TASK OBJECTIVE:
Line by line, repeat the material below exactly and skip the images.

________________

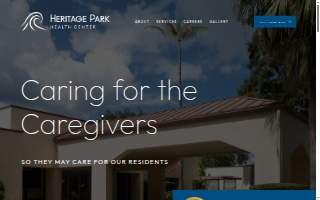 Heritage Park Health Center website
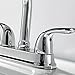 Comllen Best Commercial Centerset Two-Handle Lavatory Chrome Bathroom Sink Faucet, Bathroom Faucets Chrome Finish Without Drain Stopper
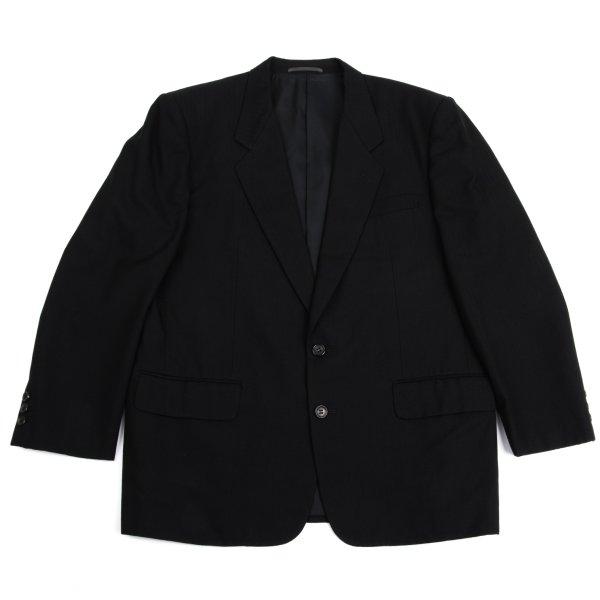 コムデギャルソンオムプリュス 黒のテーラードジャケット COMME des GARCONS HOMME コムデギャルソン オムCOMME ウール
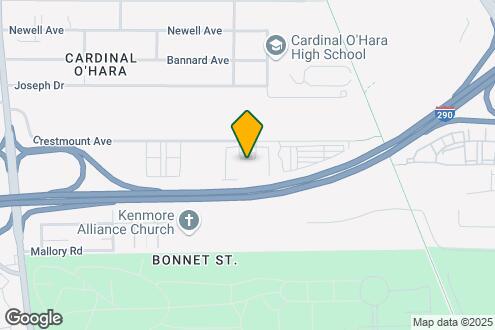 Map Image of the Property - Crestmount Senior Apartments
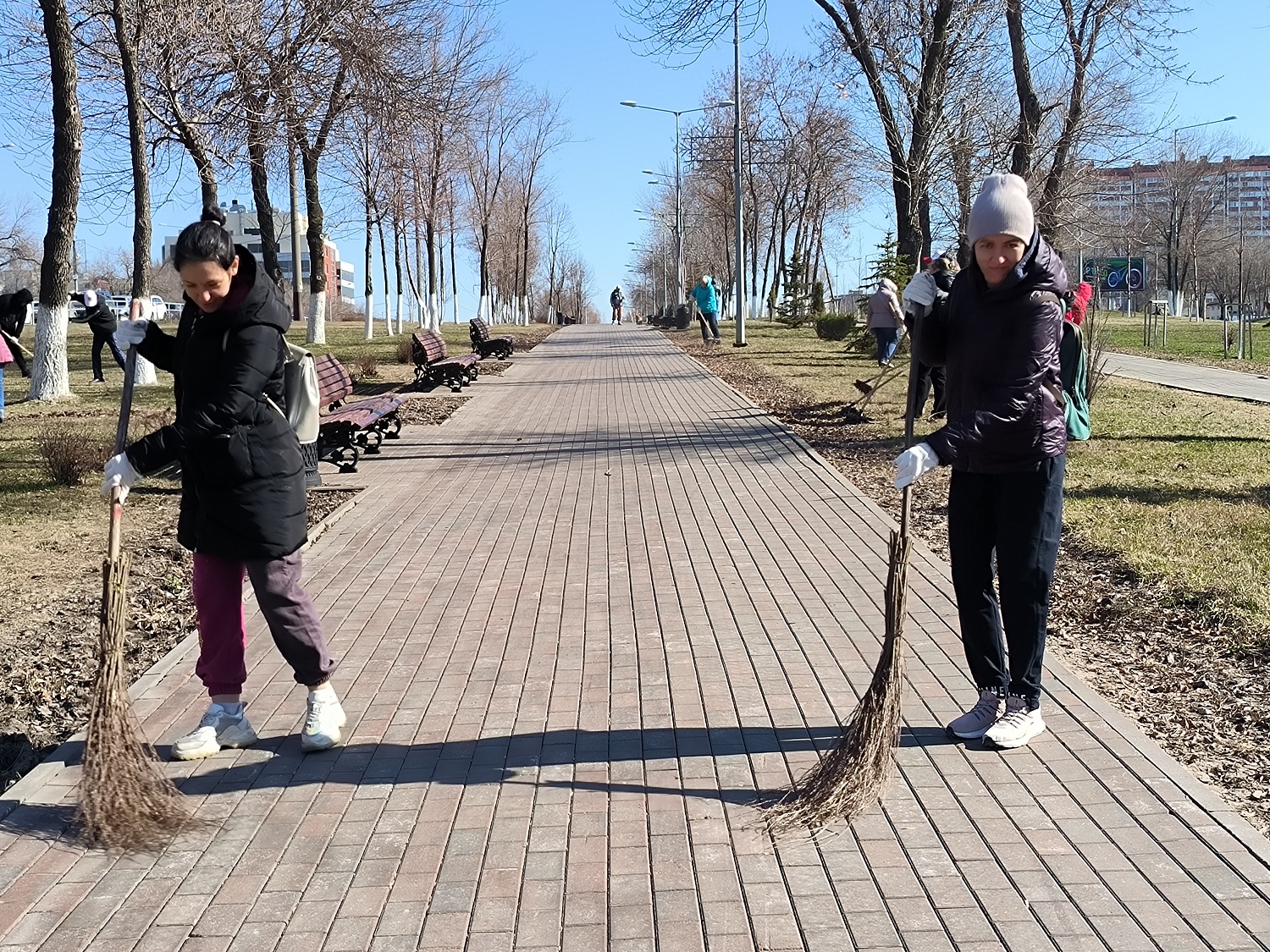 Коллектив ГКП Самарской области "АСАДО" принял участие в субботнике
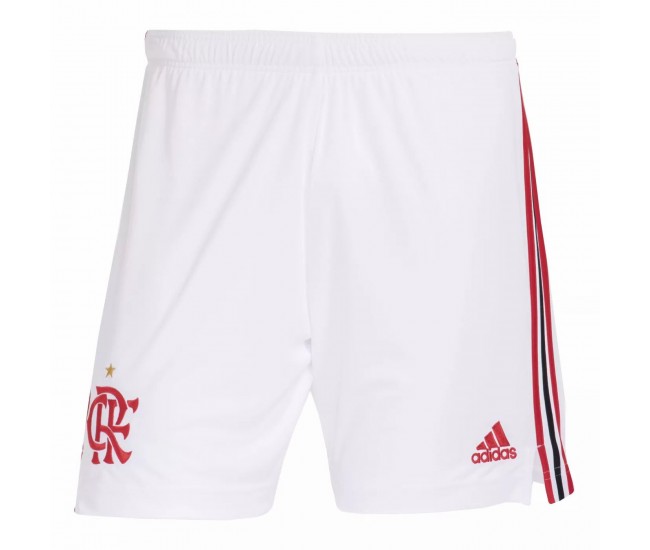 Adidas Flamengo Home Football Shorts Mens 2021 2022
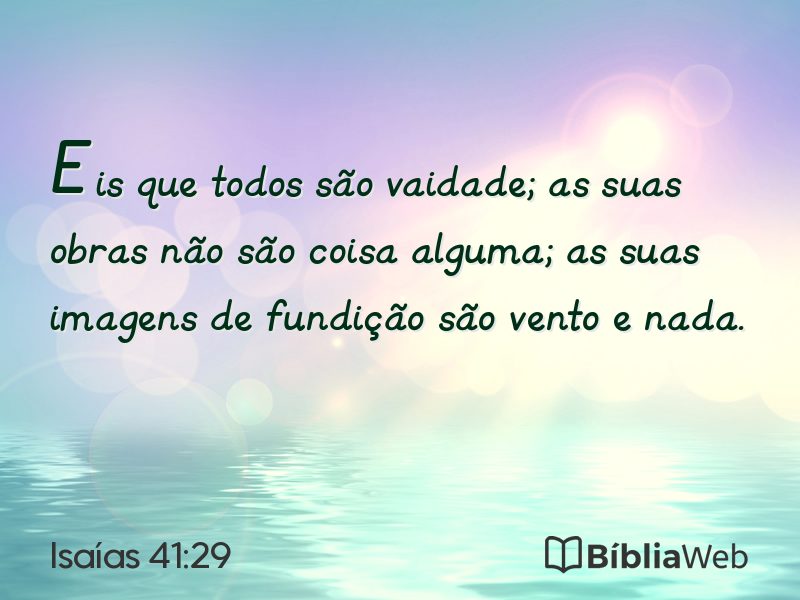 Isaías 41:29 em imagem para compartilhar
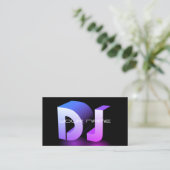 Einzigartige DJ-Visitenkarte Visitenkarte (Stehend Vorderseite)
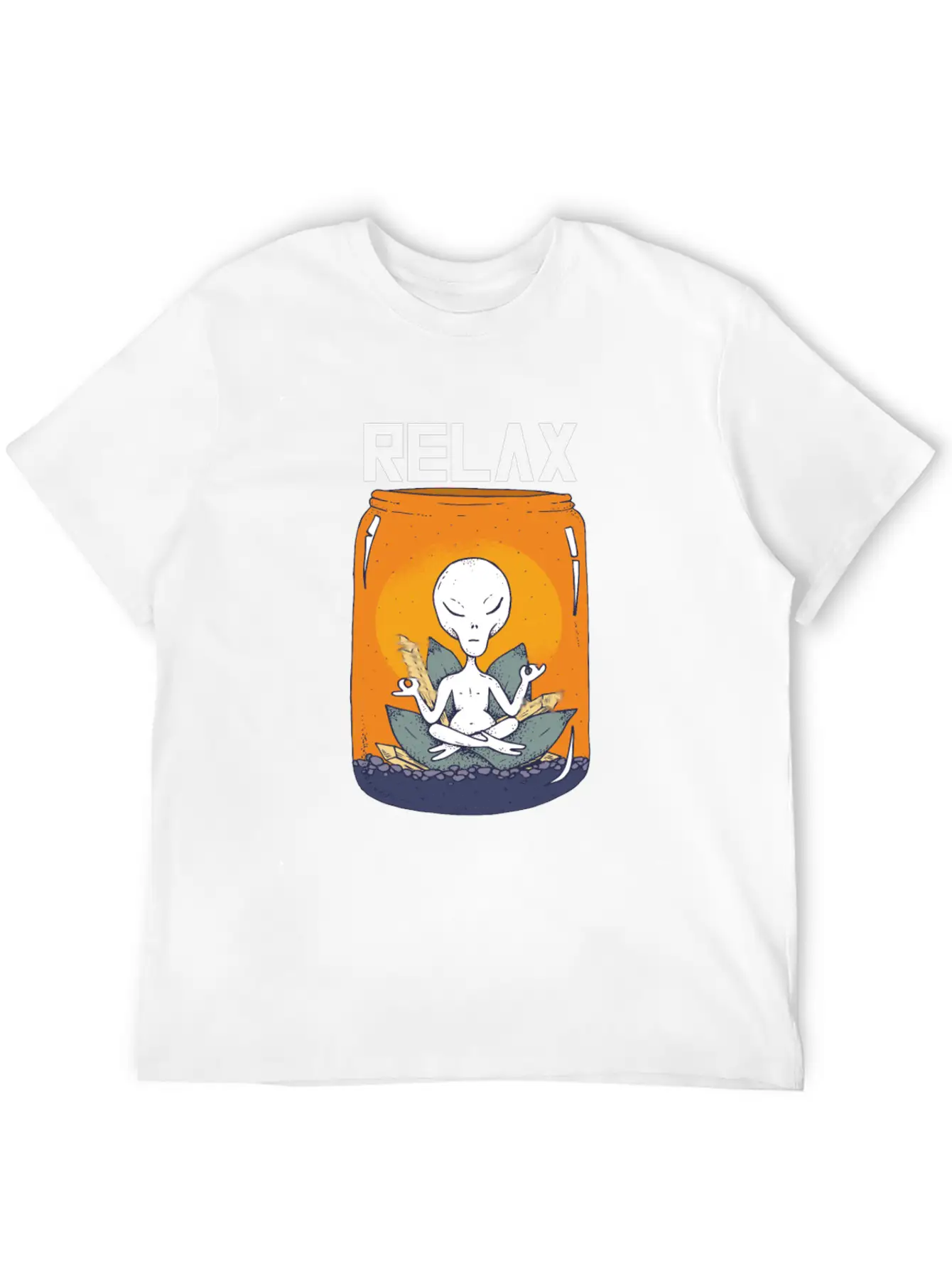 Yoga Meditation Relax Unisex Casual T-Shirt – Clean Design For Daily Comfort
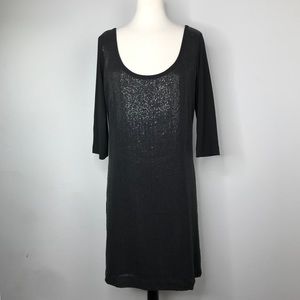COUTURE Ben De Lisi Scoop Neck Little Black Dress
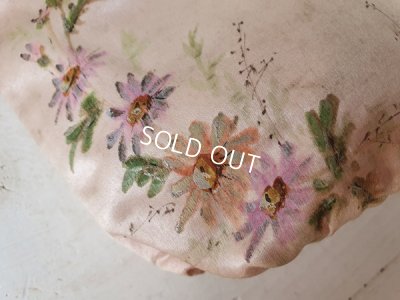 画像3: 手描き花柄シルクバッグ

________________

RESULT FOR THIS TASK:
 Heritage Park Health Center website
 Comllen Best Commercial Centerset Two-Handle Lavatory Chrome Bathroom Sink Faucet, Bathroom Faucets Chrome Finish Without Drain Stopper
 コムデギャルソンオムプリュス 黒のテーラードジャケット COMME des GARCONS HOMME コムデギャルソン オムCOMME ウール
 Map Image of the Property - Crestmount Senior Apartments
 Коллектив ГКП Самарской области "АСАДО" принял участие в субботнике
 Adidas Flamengo Home Football Shorts Mens 2021 2022
 Isaías 41:29 em imagem para compartilhar
 Einzigartige DJ-Visitenkarte Visitenkarte (Stehend Vorderseite)
 Yoga Meditation Relax Unisex Casual T-Shirt – Clean Design For Daily Comfort
COUTURE Ben De Lisi Scoop Neck Little Black Dress
 画像3: 手描き花柄シルクバッグ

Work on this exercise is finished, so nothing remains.